─── Source data ───

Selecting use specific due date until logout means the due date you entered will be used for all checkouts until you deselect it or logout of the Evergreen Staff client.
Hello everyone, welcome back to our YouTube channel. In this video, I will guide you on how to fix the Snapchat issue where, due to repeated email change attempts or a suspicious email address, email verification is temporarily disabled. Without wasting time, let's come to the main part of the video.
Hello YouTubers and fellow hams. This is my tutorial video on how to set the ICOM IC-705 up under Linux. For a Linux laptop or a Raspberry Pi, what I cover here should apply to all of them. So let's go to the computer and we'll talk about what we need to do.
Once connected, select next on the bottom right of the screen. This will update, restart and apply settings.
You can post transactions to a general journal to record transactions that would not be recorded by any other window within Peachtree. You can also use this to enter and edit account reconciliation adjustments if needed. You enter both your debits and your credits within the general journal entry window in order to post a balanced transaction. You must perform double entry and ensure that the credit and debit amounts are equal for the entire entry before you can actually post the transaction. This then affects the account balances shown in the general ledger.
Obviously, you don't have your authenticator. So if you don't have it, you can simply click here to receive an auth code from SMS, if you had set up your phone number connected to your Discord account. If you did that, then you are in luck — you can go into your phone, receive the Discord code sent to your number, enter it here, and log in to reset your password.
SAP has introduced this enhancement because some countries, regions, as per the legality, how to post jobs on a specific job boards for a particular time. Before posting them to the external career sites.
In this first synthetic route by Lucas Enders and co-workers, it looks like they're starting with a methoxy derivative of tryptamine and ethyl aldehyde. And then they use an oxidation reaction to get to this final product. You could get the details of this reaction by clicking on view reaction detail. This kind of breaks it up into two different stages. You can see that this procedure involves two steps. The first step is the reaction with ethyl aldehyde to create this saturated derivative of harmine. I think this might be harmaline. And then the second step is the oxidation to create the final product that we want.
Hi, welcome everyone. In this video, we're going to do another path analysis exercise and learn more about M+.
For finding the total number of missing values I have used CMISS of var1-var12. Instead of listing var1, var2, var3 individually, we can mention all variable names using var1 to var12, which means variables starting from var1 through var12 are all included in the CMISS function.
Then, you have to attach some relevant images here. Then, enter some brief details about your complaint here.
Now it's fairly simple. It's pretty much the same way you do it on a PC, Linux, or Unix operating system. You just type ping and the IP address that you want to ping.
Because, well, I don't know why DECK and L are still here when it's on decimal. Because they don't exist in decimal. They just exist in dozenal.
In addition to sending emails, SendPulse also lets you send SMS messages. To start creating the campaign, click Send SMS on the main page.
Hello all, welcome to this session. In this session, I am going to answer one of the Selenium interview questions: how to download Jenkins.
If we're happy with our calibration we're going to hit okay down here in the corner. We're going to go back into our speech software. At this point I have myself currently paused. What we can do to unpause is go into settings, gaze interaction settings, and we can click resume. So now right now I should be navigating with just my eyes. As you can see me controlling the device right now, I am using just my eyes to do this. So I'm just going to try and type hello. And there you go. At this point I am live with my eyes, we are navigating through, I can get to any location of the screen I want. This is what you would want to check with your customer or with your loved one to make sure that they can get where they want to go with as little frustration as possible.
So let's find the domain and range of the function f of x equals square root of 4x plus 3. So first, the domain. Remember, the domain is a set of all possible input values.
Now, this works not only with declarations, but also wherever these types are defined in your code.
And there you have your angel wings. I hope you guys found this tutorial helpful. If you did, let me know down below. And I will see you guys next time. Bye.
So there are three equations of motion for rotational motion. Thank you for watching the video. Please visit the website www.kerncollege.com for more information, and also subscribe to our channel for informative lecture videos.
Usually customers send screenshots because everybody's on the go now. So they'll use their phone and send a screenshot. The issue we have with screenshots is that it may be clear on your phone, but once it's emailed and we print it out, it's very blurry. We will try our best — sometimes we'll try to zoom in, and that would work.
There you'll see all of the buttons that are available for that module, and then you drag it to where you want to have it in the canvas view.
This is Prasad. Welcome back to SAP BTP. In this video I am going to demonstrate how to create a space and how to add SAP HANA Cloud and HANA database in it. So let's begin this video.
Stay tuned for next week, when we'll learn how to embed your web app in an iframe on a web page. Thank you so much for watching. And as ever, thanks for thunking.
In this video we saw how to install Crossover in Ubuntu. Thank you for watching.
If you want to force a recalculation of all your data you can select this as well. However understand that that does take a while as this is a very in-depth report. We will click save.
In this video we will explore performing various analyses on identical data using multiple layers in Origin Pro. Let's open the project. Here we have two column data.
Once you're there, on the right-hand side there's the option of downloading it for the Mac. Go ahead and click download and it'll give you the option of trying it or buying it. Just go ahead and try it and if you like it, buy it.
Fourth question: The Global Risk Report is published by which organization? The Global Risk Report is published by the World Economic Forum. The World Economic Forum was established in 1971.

───

Would you please copy exactly the part of the entries above that begins at the line containing "In this first" and ends at the line containing "Hello all, welcome", both lines included?

In this first synthetic route by Lucas Enders and co-workers, it looks like they're starting with a methoxy derivative of tryptamine and ethyl aldehyde. And then they use an oxidation reaction to get to this final product. You could get the details of this reaction by clicking on view reaction detail. This kind of breaks it up into two different stages. You can see that this procedure involves two steps. The first step is the reaction with ethyl aldehyde to create this saturated derivative of harmine. I think this might be harmaline. And then the second step is the oxidation to create the final product that we want.
Hi, welcome everyone. In this video, we're going to do another path analysis exercise and learn more about M+.
For finding the total number of missing values I have used CMISS of var1-var12. Instead of listing var1, var2, var3 individually, we can mention all variable names using var1 to var12, which means variables starting from var1 through var12 are all included in the CMISS function.
Then, you have to attach some relevant images here. Then, enter some brief details about your complaint here.
Now it's fairly simple. It's pretty much the same way you do it on a PC, Linux, or Unix operating system. You just type ping and the IP address that you want to ping.
Because, well, I don't know why DECK and L are still here when it's on decimal. Because they don't exist in decimal. They just exist in dozenal.
In addition to sending emails, SendPulse also lets you send SMS messages. To start creating the campaign, click Send SMS on the main page.
Hello all, welcome to this session. In this session, I am going to answer one of the Selenium interview questions: how to download Jenkins.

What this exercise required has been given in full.